Каковы причины такого нарушения меры? Конечно, наиболее очевидная, лежащая на поверхности причина – непонимание ученым природы науки, недомыслие, проще говоря. Ученый вполне искренне может считать, что задача науки – формирование каких-либо позитивных идеалов в обществе. Патриотизма, например. В советские времена это было особенно заметно на примере историков КПСС. Определенная их часть была убеждена в том, что они – идеологические бойцы партии, призванные воспитывать народ в духе преданности идеалам коммунизма. В нашу задачу не входит оценка этих идеалов. Единственное, что мы в данном случае хотели бы заявить: не следует путать идеологию и науку. Однако во все времена была тьма охотников смешивать два этих вида деятельности[85]
.Наше рассуждение не имеет своей целью покуситься на честь идеологии. Идеология – важнейшая область деятельности, она выступает в роли идейной опоры классов и социальных групп. Идеология определяет стратегию их деятельности, цели, методы и пути их достижения. Далеко не каждый мыслитель в состоянии справиться с задачей выработать идеологическую доктрину, для этого требуются неординарные интеллектуальные качества. Однако у идеологии иная цель, чем у науки. Не следует ставить в вину идеологу его фактический статус. Но заслуживает порицания тот, кто идеологические построения путает (искренне ошибаясь или намеренно вводя в заблуждение – неважно) с научным исследованием.

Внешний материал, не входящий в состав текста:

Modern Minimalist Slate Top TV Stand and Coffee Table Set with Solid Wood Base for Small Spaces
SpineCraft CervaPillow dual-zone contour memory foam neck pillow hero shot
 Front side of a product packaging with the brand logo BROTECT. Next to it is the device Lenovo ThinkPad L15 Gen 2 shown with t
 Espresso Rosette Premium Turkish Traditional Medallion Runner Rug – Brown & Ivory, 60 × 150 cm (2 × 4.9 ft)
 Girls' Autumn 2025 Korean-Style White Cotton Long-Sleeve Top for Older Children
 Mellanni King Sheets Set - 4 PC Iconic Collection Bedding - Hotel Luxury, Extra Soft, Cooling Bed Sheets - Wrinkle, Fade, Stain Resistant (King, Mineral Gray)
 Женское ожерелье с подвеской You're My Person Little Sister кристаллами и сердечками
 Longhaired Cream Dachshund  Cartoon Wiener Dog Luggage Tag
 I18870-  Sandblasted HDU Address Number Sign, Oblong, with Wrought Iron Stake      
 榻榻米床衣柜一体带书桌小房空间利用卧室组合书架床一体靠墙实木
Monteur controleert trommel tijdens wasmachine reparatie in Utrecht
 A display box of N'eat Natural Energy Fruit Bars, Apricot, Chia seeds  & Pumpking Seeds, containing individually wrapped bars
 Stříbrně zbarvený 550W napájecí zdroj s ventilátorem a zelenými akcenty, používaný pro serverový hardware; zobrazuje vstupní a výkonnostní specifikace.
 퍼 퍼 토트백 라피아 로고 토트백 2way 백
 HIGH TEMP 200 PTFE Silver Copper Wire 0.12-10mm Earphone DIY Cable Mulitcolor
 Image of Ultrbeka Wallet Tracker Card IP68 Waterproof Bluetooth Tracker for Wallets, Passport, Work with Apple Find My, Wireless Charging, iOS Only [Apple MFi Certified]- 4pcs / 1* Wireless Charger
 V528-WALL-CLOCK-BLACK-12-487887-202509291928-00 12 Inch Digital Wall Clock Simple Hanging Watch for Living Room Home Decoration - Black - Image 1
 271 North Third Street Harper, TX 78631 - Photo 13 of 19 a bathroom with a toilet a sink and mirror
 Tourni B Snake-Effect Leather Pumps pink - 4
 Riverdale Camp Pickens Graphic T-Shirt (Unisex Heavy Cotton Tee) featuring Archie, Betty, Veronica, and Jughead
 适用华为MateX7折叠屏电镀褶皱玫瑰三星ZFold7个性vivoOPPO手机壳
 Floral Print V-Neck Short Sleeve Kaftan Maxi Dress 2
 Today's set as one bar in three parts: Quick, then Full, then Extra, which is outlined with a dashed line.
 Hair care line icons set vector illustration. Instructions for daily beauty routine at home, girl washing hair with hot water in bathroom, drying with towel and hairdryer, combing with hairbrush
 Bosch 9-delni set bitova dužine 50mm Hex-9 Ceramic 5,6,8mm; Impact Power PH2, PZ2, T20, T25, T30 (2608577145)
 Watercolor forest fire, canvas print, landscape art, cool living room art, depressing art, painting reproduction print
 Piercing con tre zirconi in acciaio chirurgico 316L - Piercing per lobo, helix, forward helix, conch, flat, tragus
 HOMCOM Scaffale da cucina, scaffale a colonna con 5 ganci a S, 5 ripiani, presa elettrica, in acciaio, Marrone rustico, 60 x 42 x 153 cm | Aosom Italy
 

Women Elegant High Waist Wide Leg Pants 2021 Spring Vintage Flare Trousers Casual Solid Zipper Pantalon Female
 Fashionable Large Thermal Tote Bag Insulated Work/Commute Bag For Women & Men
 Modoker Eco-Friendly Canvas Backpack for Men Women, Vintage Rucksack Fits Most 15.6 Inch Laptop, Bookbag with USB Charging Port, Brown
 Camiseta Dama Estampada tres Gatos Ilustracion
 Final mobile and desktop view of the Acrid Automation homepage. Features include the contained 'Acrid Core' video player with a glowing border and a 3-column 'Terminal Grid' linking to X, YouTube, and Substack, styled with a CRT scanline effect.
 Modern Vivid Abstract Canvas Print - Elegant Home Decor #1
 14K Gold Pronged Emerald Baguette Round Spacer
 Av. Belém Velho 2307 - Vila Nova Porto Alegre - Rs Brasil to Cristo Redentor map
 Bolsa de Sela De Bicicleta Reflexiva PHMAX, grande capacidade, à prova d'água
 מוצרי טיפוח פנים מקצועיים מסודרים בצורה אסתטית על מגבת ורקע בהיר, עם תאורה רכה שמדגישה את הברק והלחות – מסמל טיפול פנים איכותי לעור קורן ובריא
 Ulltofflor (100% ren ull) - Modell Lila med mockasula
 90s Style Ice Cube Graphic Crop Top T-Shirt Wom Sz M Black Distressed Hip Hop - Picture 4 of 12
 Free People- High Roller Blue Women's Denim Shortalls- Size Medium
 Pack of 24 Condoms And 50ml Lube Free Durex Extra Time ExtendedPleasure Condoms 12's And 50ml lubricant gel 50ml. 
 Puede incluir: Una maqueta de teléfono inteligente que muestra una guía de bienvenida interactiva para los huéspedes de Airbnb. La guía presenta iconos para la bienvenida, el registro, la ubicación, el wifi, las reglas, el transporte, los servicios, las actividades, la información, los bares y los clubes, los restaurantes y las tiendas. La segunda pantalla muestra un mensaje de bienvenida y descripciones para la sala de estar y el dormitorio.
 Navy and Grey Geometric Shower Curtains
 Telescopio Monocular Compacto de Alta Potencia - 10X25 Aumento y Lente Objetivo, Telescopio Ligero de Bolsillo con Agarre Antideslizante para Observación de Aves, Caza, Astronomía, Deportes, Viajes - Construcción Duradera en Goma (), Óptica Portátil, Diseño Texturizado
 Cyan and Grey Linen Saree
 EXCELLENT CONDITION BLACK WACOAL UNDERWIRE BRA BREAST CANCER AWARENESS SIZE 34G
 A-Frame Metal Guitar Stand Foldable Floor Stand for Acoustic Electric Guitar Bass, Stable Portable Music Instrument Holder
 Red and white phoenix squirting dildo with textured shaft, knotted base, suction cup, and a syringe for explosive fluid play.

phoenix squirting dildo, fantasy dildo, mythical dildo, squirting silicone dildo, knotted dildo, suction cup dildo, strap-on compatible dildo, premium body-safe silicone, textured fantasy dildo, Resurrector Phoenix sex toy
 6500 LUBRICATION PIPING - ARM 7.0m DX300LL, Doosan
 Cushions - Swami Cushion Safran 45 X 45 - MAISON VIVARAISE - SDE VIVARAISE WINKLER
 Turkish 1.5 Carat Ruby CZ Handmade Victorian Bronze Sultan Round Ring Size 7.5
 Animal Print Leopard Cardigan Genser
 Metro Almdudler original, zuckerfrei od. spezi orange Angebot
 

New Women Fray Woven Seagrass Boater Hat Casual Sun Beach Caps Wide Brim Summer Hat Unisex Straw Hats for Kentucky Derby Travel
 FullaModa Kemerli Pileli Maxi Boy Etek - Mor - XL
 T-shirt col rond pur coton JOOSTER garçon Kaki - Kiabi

В тех областях науки, которые далеки от социальных интересов, не существует (в обычных условиях) соблазна подменить науку идеологией. Правда, и в естествознании имеет место вторичная ангажированность, связанная с соперничеством научных школ, борьбой амбиций и т. п. Этот момент превосходно отражен в классическом труде Т. Куна «Структура научных революций», что избавляет нас от необходимости дальнейших пояснений. Однако в естествознании ангажированность носит поверхностный, несущественный характер; и влияние, которое она оказывает на научные исследования, выражено слабо.